I decided to leave my husband in August of 2000. I had stashed some money, so that I could leave and take my son with me. He filed paperwork against me and tried to take my son. I went back to him in order to protect my son. While I was there, I found a hit list in my husband's handwriting, as well as a detailed list of how he was going to spend my life insurance policy, of course, I would have to be dead in order for him to collect. After finding the lists, I took my child and fled to a shelter. He has since admitted that these lists were his and that he wrote them in a "moment of madness".
Since then I have been involved in a slow rape emotionally and mentally. He hired a vicious female attorney who has done nothing but harrass me and has gone so far as to file false allegations against me and has impeeded me from collecting any child support since January.
My soon to be ex, has done everything from stalking me, hiring a private investigator to set up my schedule, to writing a hit list detailing how he was going to poison my friends with methol alcohol. He has now been trying to deplete my funds by drawing court out as long as possible. My soon to be ex is military so I went to his command with all the information that I had including child pornography that I found in his possession and it fell on deaf ears. They ruled that there wasn't any domestic violence in our situation since he never beat me. I am beginning to feel like maybe I am in the wrong. We are scheduled to go to court on Tuesday, October 2, 2001 for a protective order and my attorneys are not sure that I will get it since it has been standing on the docket for more than a year. I am scared witless of him and carry a gun everywhere I go. I try telling myself that everything is going to be ok, but my body begins to shake horribly. I am so afraid that when we go to court he will see how afraid I really am of him. I really believe that when all this blows over that he will come after me and succeed in killing me.

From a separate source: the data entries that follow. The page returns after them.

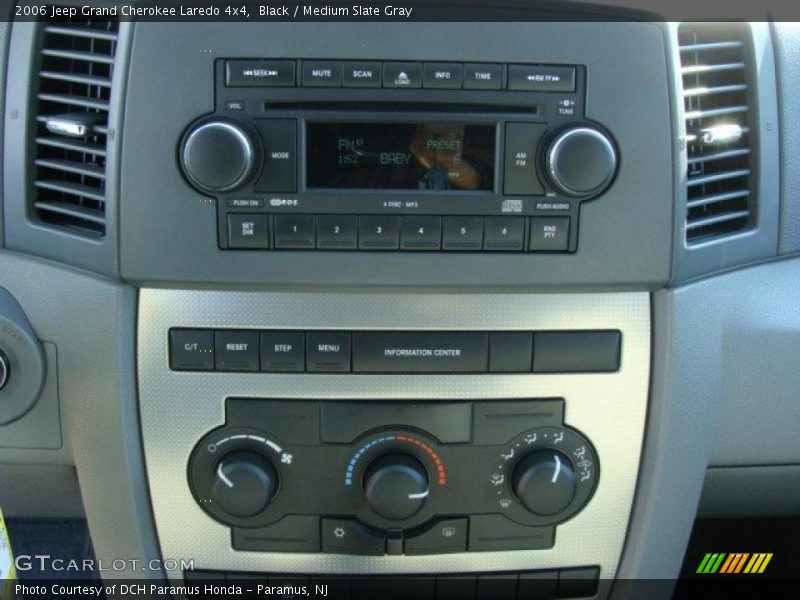 Black / Medium Slate Gray 2006 Jeep Grand Cherokee Laredo 4x4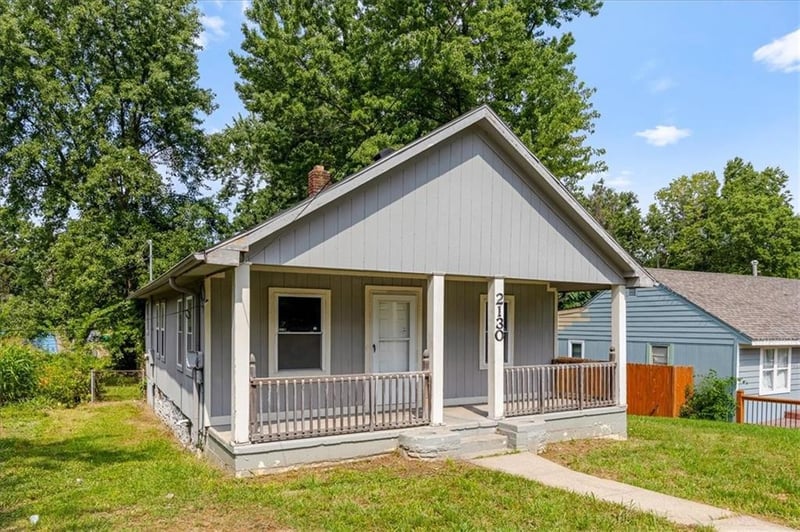 2130 32nd St, Kansas City, KS 66104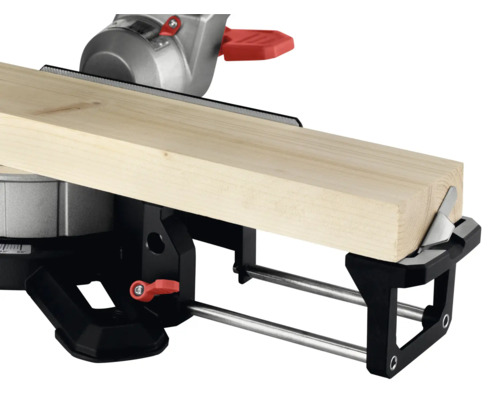 Kappsäge mit Holzwerkstück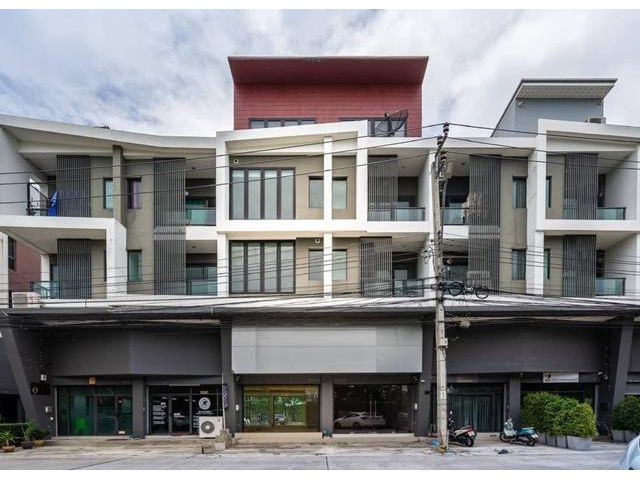 วัชรพล-สายไหม! หรู 2คูหา 4.5ชั้น 700 ตรม. แอร์3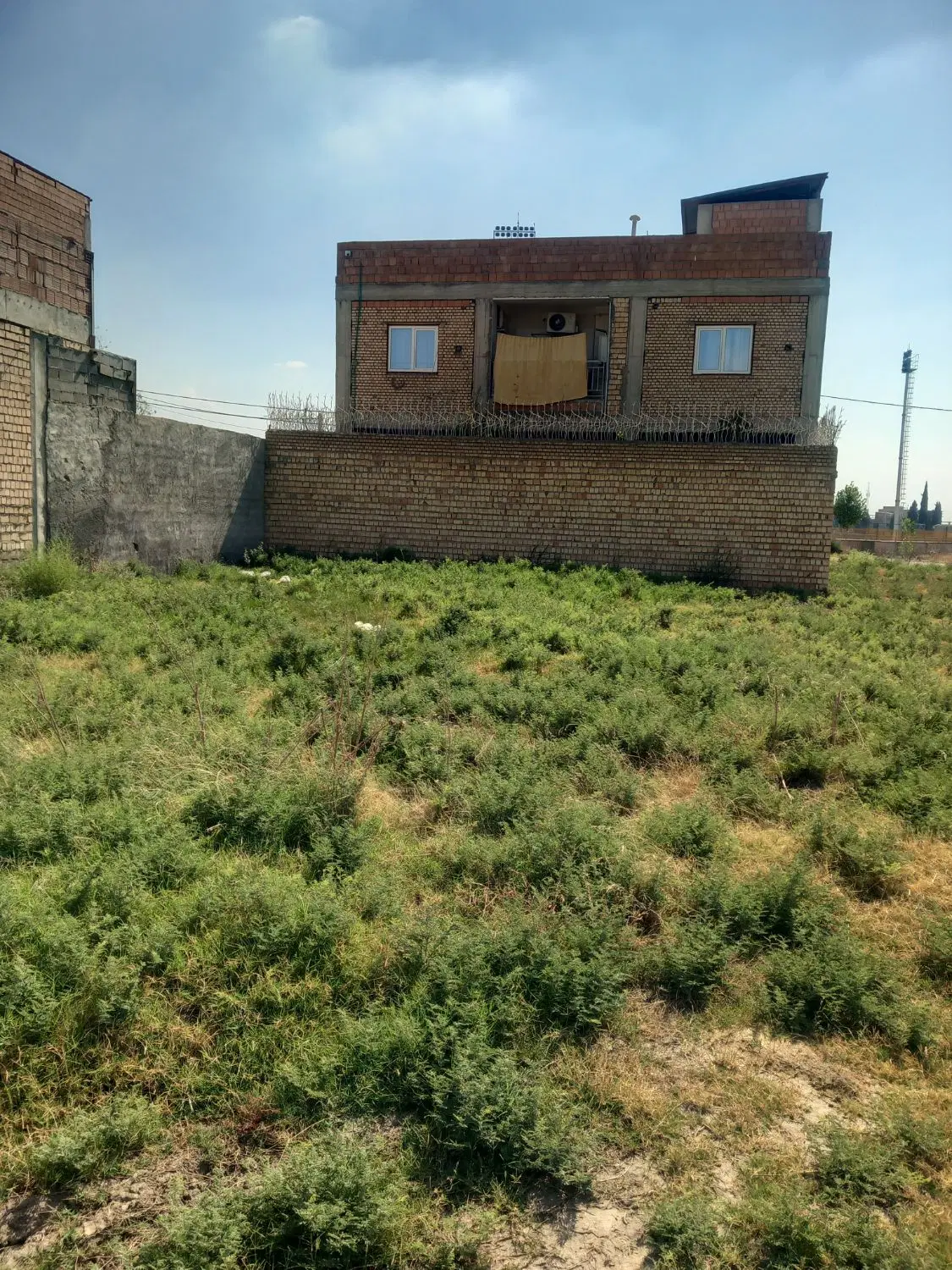 زمین نقلی وشکار۱۳۲ونیم مترشهرک بهداشت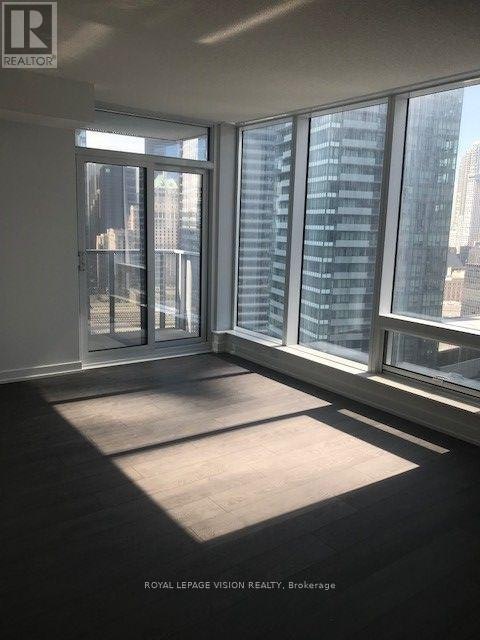 2703-10 York Street, Toronto, ON, M5J 0E1 - 3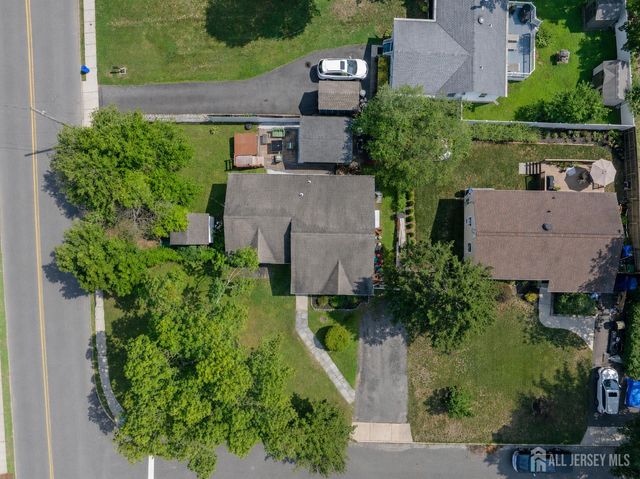 13 Chestnut Street, Farmingdale, NJ 07727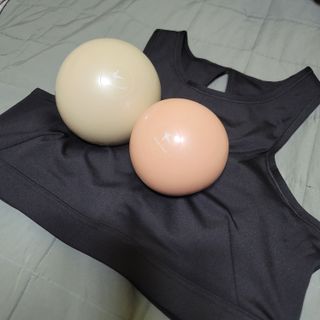 트라택 쿠셔닝 웨이트볼 0.5kg + 1kg SET — 5점을 준 리뷰어가 2022년 5월 올린 사용 사진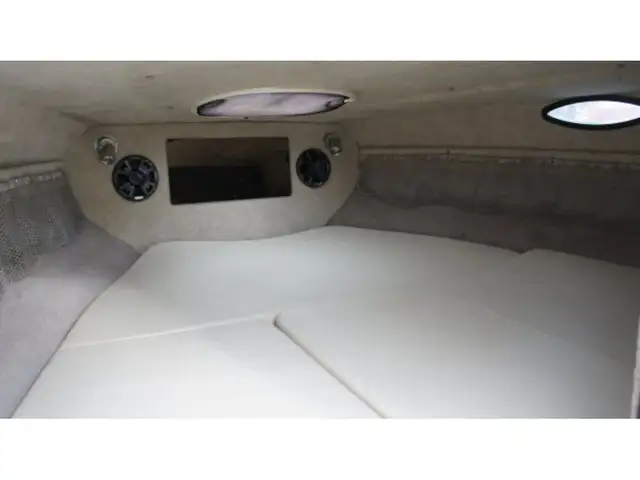 2013 Stingray Boat Co 208CR VOLVO V6-200CV in Powerboats & Motorboats in Longueuil / South Shore - Image 6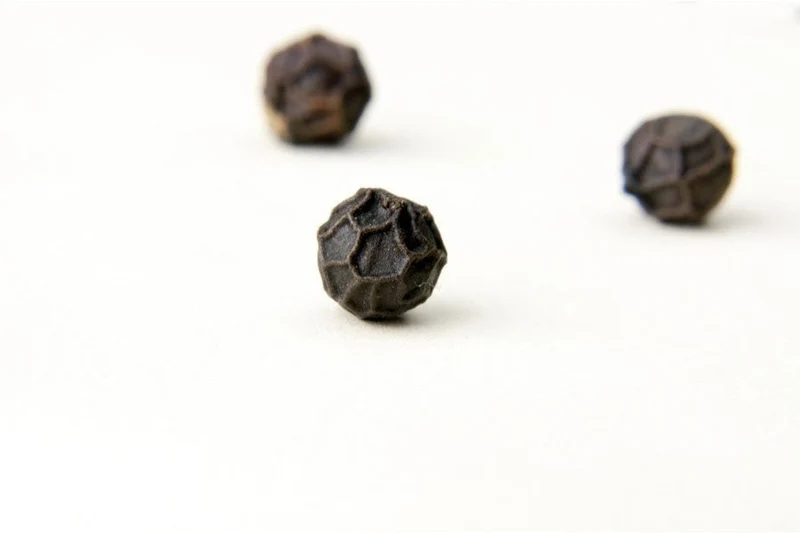 Poivre noir de Malabar en grain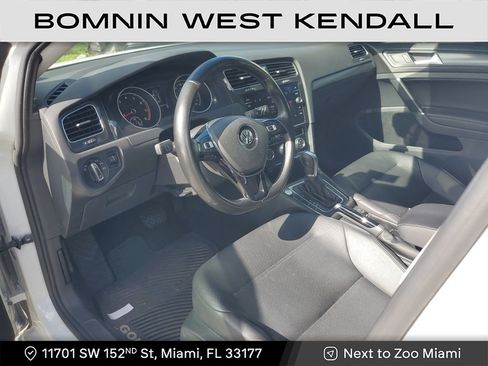 Used 2018 Volkswagen Golf SE image 20
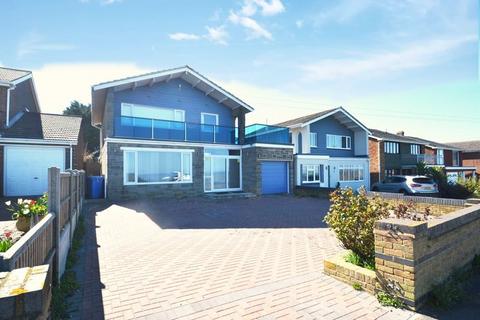 3 bedroom detached house for sale, The Leas, Minster On Sea.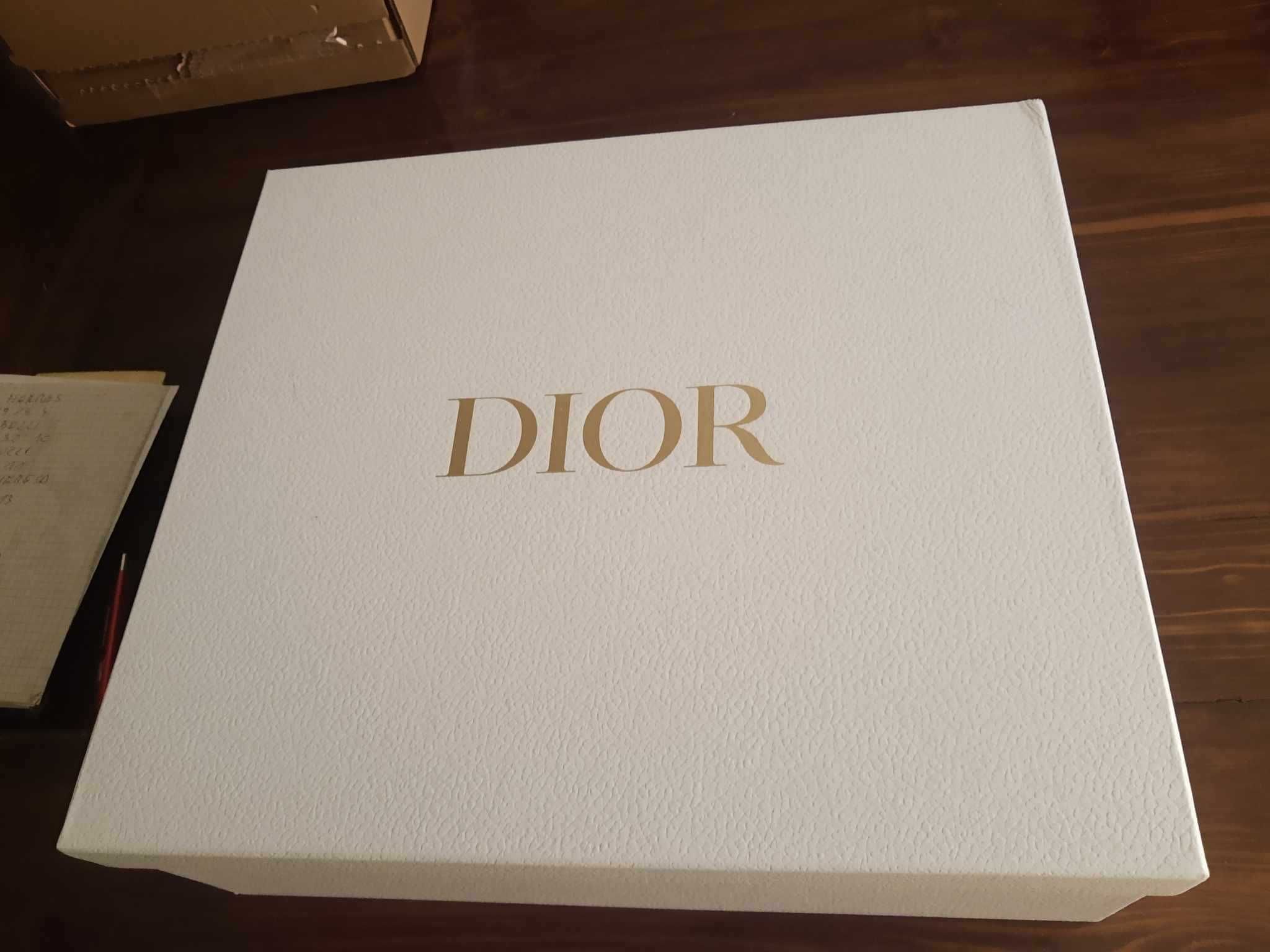 Karton firmy Dior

I am not sure how after all this time I can get all the points across to the judge without the whole thing sounding melodramatic and if he will even listen even after no one else has listened. At this point, I am just ready to give up. Help please. I am at my wits end.
I strongly recommend you contact a Victim Advocate (free) or a counselor who specializes in domestic violence. You are not crazy, but you are beginning to distrust your own inner perceptions and to believe that he must be right. If you call the District Attorney's office for your county, they will have Victim Advocates or Victim Witnesses working for them. Another resource is to call safe houses (listed in yellow pages) in your area and see if they have free support groups. You need to be talking with someone who understands the dynamics of domestic violence.